[Scraped caption text data]
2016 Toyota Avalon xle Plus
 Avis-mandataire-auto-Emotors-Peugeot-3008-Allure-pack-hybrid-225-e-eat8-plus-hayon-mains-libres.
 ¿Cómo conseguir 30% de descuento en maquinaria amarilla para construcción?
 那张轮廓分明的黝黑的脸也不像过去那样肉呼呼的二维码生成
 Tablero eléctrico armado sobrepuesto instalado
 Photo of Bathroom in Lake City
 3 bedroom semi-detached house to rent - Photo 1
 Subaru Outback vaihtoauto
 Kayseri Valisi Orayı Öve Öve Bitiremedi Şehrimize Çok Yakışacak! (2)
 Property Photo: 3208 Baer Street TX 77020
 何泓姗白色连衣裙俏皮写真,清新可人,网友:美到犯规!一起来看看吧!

■ Task item ■
Your job is to reproduce the data in full, with every line intact.

■ Exercise answer ■
2016 Toyota Avalon xle Plus
 Avis-mandataire-auto-Emotors-Peugeot-3008-Allure-pack-hybrid-225-e-eat8-plus-hayon-mains-libres.
 ¿Cómo conseguir 30% de descuento en maquinaria amarilla para construcción?
 那张轮廓分明的黝黑的脸也不像过去那样肉呼呼的二维码生成
 Tablero eléctrico armado sobrepuesto instalado
 Photo of Bathroom in Lake City
 3 bedroom semi-detached house to rent - Photo 1
 Subaru Outback vaihtoauto
 Kayseri Valisi Orayı Öve Öve Bitiremedi Şehrimize Çok Yakışacak! (2)
 Property Photo: 3208 Baer Street TX 77020
 何泓姗白色连衣裙俏皮写真,清新可人,网友:美到犯规!一起来看看吧!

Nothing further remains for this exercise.